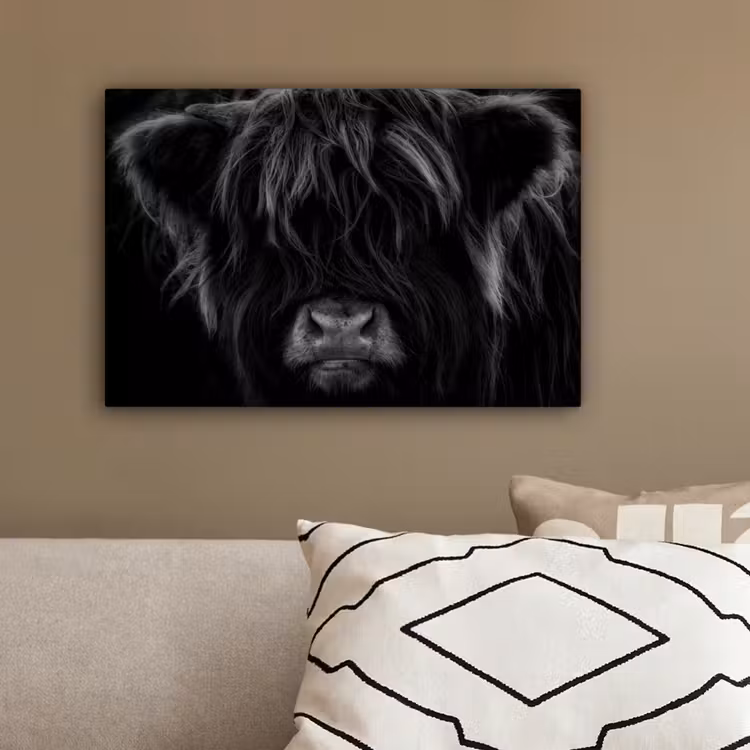 Schotse hooglander - Koe - Zwart - Wit - Dieren canvas 2cm klein -sfeer3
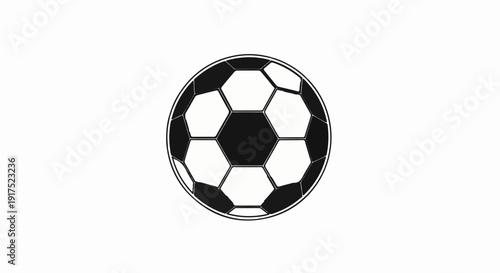 Iconic black and white soccer ball with hexagonal paneling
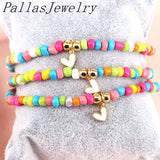 Boho Rainbow Bracelet Colorful Beads Ladies Jewellery Heart Bracelet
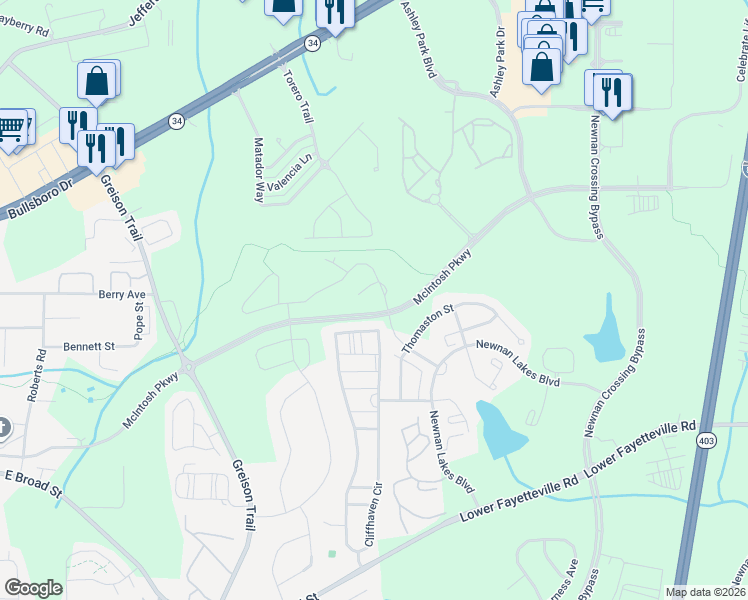 map of restaurants, bars, coffee shops, grocery stores, and more near 217 Cliffhaven Circle in Newnan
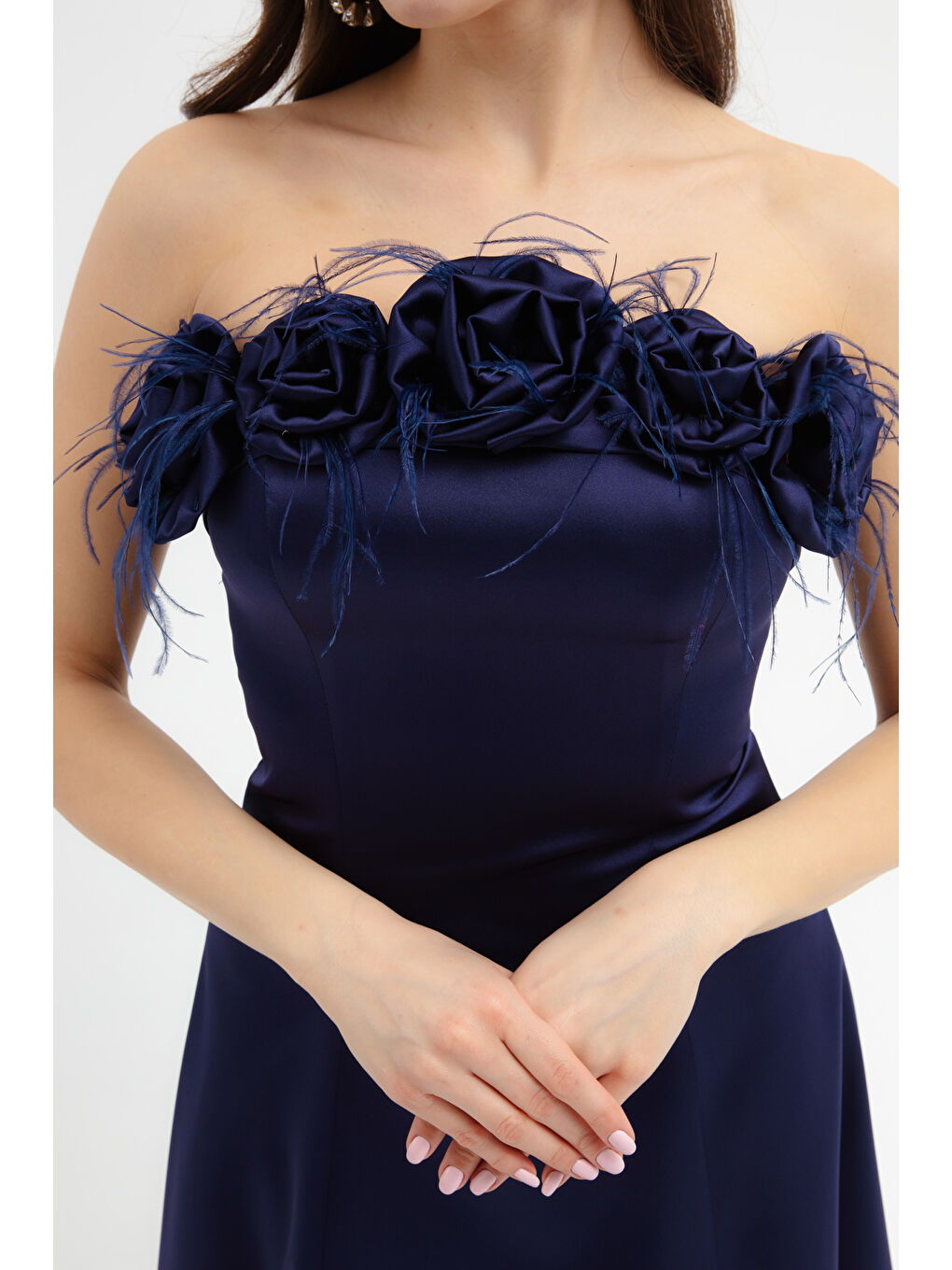 Kadın Lacivert Gül Detaylı Midi Söz Nişan Nikah Abiye Elbise-3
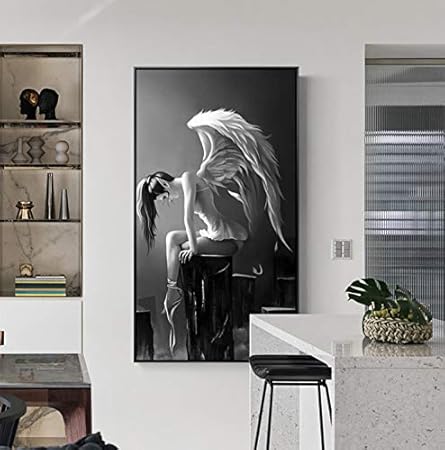Taoyuemaoyi Moderne Noir Et Blanc Anime Affiche Ange Ailes Toile Peinture Art Photos Pour Salon Filles Chambre Enfant Chambre Mur Decor 40 70 Cm Amazon Fr Cuisine Maison
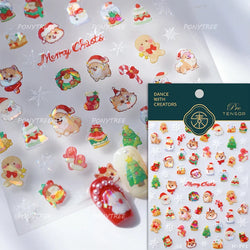 Hot Stamping Christmas Tree Bell Bowknot Cane Snowman Star Adhesive Nail Art Stickers Snowflake Glitter Powder Manicure Decals (ONLINE ORDER ONLY)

Instructions for the task: Aside from its pictures, the listing must be given again in full, exactly as it appears.

Answer box:
 Schotse hooglander - Koe - Zwart - Wit - Dieren canvas 2cm klein -sfeer3
 Iconic black and white soccer ball with hexagonal paneling
 Boho Rainbow Bracelet Colorful Beads Ladies Jewellery Heart Bracelet
 map of restaurants, bars, coffee shops, grocery stores, and more near 217 Cliffhaven Circle in Newnan
 Kadın Lacivert Gül Detaylı Midi Söz Nişan Nikah Abiye Elbise-3
Taoyuemaoyi Moderne Noir Et Blanc Anime Affiche Ange Ailes Toile Peinture Art Photos Pour Salon Filles Chambre Enfant Chambre Mur Decor 40 70 Cm Amazon Fr Cuisine Maison
 Hot Stamping Christmas Tree Bell Bowknot Cane Snowman Star Adhesive Nail Art Stickers Snowflake Glitter Powder Manicure Decals (ONLINE ORDER ONLY)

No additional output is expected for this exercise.